Their chief resort, however, was the brook which babbled down among the hills, and flowed into the river between the settlement and the point. About a mile back the brook was broken by a mass of huge rocks over which the water poured in torrents during the spring and after every heavy rain. But in the summer the rocks were bare, and only one great wreath of water slipped through a narrow crevice, and fell with a roar and a splash to the level below. Nearby father and daughter liked to sit in the shade of the trees and listen to the music of the falling water.

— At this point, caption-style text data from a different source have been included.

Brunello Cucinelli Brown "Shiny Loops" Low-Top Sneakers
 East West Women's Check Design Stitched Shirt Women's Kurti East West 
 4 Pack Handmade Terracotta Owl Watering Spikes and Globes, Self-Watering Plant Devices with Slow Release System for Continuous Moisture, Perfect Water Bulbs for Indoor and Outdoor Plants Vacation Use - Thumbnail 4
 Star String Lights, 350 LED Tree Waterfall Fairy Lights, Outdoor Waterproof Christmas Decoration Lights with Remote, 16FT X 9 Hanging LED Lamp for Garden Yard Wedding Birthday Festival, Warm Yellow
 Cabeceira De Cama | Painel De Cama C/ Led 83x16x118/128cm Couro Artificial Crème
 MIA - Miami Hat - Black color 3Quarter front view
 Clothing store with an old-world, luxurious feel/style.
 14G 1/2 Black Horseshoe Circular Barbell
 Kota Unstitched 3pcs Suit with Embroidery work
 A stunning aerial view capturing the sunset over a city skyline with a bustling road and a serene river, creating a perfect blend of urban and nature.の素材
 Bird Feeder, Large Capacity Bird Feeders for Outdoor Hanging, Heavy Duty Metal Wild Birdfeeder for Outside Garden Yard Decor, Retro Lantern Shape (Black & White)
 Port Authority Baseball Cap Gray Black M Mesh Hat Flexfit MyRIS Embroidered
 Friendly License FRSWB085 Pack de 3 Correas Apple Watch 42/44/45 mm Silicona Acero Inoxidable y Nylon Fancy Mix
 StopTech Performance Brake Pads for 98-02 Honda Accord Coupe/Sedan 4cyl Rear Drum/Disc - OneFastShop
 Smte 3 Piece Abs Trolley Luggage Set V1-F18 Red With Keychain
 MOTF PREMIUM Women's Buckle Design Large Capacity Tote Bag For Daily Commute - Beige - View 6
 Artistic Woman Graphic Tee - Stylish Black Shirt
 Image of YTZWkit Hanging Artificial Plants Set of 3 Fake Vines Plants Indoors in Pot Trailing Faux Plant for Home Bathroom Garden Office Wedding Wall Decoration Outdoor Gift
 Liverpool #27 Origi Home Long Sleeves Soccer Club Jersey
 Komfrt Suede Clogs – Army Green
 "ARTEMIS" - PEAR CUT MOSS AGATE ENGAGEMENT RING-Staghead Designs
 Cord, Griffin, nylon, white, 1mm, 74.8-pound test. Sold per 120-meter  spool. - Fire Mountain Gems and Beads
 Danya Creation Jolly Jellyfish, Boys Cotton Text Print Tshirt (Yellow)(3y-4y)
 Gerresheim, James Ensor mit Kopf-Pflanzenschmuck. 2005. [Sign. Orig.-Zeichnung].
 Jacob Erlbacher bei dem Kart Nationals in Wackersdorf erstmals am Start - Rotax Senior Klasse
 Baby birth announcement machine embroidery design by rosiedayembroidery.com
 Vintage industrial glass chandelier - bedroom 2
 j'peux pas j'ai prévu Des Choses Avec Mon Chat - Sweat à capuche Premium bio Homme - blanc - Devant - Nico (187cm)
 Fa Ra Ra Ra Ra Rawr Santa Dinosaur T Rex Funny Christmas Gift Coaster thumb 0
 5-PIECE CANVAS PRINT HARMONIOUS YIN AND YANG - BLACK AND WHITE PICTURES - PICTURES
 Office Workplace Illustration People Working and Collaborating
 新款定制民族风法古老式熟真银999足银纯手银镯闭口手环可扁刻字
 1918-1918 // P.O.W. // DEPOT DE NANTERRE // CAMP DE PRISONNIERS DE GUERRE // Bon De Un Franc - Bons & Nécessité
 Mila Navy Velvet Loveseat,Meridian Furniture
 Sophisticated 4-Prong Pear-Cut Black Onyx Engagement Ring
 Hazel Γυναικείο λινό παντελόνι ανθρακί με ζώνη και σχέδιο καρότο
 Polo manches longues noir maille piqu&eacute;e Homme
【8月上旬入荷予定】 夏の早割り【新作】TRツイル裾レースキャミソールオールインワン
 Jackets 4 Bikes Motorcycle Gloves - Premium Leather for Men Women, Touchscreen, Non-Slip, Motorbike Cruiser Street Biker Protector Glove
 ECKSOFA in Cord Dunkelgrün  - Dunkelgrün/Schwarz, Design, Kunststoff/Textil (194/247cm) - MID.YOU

Jean always remembered the last time they were thus together. It was the final Sunday in August, and a most perfect afternoon. The Colonel had worked hard during the week and was very tired. He was strangely silent and depressed as he sat leaning against a rock, gazing off into space. It was so unlike his usual buoyant, cheery manner that Jean was quite anxious.
“Is anything the matter, daddy?” she at length asked. “Are you feeling sick?”
The Colonel started, and a slight forced laugh escaped his lips.
“No, no, not at all,” he replied. “Do I look sick?”
“Then you must be worrying about something, daddy,” and the girl’s right hand stole sympathetically into his as she spoke.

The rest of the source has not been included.